The candidate for Worst Bridesmaid Ever is Annie (Kristen Wiig, who co-wrote the screenplay with Annie Mumolo). Annie’s life is pretty crummy. She used to own a cake shop, but it went out of business and she lost all her money. Now she has a lousy job that she isn’t suited for, selling jewelry to happy people whose happiness only reminds her of her own misery. She’s got a “friends with benefits” relationship with a guy (Jon Hamm) with whom no woman should ever be friends. She drives a crummy old car, and her roommates are a very peculiar British brother and sister. At least she has a great best friend in Lillian (Maya Rudolph). Then Lillian announces that she’s engaged, and she wants Annie to be her maid of honor – at which point Annie’s life proceeds to get even worse.
She meets a new guy: a cop named Rhodes (Chris O’Dowd) who pulls her over for a broken taillight, then turns out to be extremely nice, and very interested in Annie. She barely notices; she’s fixated on Helen (Rose Byrne), the wealthy trophy wife of Lillian’s fiancé’s boss. Helen appears to be trying to steal Lillian away from Annie by throwing lavish parties and buying expensive gifts that the flat-broke Annie can’t compete with. You can see where this is going: a bridesmaid tantrum at an over-the-top French-themed bridal shower, that’s where. But wait – there’s more: Bad behavior on a flight to Las Vegas. Food poisoning in a tony bridal shop.
In addition to Annie, Lillian has other bridesmaids with issues. Rita (Wendi McLendon-Covey) has been long-married and is ready at a moment’s notice to describe in graphic detail the horror of having three adolescent sons. Becca (Ellie Kemper) is recently married, but not entirely happily. Megan (Melissa McCarthy, a hoot) is the groom’s sister and has self-confidence to burn, as well as numerous titanium pins and injuries that she’s happy to describe in detail. She’s at least twice as wide, and twice as happy, as the other bridesmaids – especially Annie.
Director Paul Feig makes sure that each actress gets the right amount of attention and emphasis. The entire ensemble works together really well, exploring and exposing different facets of female friendship and rivalry – and the maddening insanity of the big wedding – in a smart, funny, naughty way. Bridesmaids isn’t revolutionary as comedy goes; this is a movie produced by Judd Apatow, the maestro of raunchy boys-will-be-boys comedies, here giving the distaff half equal time to be vulgar, lusty, drunk, unpretty and hilarious. Nobody in Bridesmaids is in the running to be America’s Sweetheart, and you get the sense that these women wouldn’t take the title if it were offered. It’s more fun to be the real girl next door.

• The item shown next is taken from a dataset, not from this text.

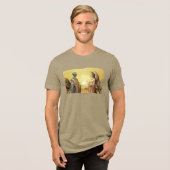 Licht-Orb-Begegnung Tri-Blend Shirt (Vorderseite voll)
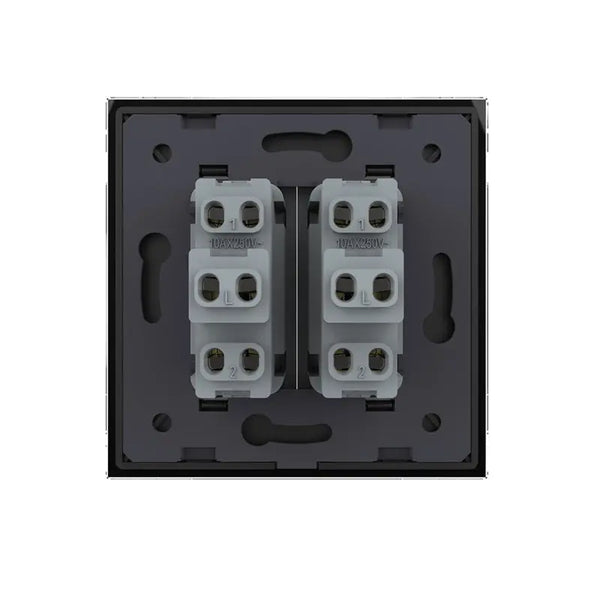 Livolo | Zwart | 2 | Puls | Wipschakelaar Livolo Nederland B.V.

Wiig has been consistently, memorably funny and a kleptomaniac of a scene-stealer in small movie roles. She’s terrific in Bridesmaids, bringing pathos and crudeness, self-pity and misdirected meanness and a lanky, deflated, physical goofiness to Annie. Her rubbery face is a great comic asset: expressive, mercurial, revealing the way the wheels are always turning, though not smoothly, in Annie’s head. She’s not afraid to make Annie look bad, which is why she is so appealing – and so human.
Annie isn’t tragic, nor is she a model of virtue. She’s competitive, she can be unkind and she’s her own worst enemy. But there’s no doubt that she could still turn out to be a great friend and bridesmaid, in spite of herself.
Syd’s pick: Check out one of the best nuptial movies on DVD: Monsoon Wedding
In Mira Nair’s exuberant Monsoon Wedding (2001), a sweet and spicy blend of comedy, drama and romance, the weather is a bit stormy, but the real tempest is inside: in the hearts of the Verma family, whose daughter Aditi (Vasundhara Das) is to wed, in four days, a man whom she has scarcely met. The traditional arranged marriage seems a vast contradiction for the thoroughly modern Aditi, who occasionally sneaks off to be with her married lover in the days before her wedding.
The groom-to-be (Parvin Dabas) lives and works in America, a world away from the upper-middle-class Delhi of the Vermas, but that doesn’t make him any more Americanized than the rest of the Indians in Monsoon Wedding. They’re all tugged back and forth between old and new, traditional and modern, East and West, culture and creeping acculturation.
Monsoon Wedding is at first glance about two radically different views of love and marriage, but bubbling just below the surface is the tale of another clash, as the very soul of old India confronts the rapid spread of a dominant world monoculture. In the bustling, busy mayhem of the wedding, Nair zeros in on the real heart and soul of India. The soul of India, Monsoon Wedding optimistically posits, isn’t vulnerable to changing fashions and technological innovations; it’s in the happy/sad songs sung by the mother of the bride, it’s in the leap of faith that love and family always require and it’s in the crazy joy of interconnected lives – however they come to be connected in the first place.